→ SOURCE RECORDS
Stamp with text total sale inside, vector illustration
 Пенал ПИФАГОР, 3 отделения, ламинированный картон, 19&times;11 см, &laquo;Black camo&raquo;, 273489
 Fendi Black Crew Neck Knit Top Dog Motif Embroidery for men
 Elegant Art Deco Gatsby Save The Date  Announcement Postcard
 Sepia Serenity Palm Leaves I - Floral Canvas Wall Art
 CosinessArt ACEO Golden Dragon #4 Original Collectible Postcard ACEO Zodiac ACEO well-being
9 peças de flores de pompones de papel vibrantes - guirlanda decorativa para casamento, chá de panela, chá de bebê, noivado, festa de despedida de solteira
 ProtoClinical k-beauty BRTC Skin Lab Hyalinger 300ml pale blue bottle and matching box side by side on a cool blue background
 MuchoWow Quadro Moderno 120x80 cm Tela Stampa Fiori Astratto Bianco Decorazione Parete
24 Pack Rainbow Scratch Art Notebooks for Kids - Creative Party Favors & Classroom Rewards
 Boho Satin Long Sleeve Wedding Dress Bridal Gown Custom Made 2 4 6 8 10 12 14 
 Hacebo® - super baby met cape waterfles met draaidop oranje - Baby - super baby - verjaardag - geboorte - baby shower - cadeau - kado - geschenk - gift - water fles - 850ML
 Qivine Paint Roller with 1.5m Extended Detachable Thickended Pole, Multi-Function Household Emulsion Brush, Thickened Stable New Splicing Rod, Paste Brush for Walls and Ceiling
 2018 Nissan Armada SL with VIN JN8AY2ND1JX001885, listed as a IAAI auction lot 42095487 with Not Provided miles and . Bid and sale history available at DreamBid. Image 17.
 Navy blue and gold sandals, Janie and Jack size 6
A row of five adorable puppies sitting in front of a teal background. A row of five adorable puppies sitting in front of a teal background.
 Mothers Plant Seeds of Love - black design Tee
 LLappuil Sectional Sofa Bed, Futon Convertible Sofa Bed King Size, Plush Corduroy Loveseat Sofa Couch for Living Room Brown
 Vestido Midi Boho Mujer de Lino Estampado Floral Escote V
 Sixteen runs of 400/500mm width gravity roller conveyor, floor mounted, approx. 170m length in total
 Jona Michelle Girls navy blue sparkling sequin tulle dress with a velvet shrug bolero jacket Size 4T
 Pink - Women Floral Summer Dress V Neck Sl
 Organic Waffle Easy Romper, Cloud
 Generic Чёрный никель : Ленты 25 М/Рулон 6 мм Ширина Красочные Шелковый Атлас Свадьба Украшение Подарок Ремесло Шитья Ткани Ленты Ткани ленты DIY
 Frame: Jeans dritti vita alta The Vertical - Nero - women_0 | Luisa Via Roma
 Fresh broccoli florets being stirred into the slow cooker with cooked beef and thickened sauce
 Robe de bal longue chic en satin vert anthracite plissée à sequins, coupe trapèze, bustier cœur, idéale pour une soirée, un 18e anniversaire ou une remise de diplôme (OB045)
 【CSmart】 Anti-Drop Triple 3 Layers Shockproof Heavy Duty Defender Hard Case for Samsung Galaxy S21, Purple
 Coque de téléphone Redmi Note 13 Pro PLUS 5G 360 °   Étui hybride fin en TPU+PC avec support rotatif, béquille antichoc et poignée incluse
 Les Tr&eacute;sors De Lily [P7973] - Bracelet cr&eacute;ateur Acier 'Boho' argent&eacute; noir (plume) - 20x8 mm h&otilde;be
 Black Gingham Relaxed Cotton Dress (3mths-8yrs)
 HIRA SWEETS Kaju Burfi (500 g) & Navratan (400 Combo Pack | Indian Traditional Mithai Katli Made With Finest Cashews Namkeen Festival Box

→ TASK ITEM
Your answer must be the lines above from the one containing "Navy blue and" to the one containing "Organic Waffle Easy Romper, Cloud", both included, restated word for word.

→ RESULT
 Navy blue and gold sandals, Janie and Jack size 6
A row of five adorable puppies sitting in front of a teal background. A row of five adorable puppies sitting in front of a teal background.
 Mothers Plant Seeds of Love - black design Tee
 LLappuil Sectional Sofa Bed, Futon Convertible Sofa Bed King Size, Plush Corduroy Loveseat Sofa Couch for Living Room Brown
 Vestido Midi Boho Mujer de Lino Estampado Floral Escote V
 Sixteen runs of 400/500mm width gravity roller conveyor, floor mounted, approx. 170m length in total
 Jona Michelle Girls navy blue sparkling sequin tulle dress with a velvet shrug bolero jacket Size 4T
 Pink - Women Floral Summer Dress V Neck Sl
 Organic Waffle Easy Romper, Cloud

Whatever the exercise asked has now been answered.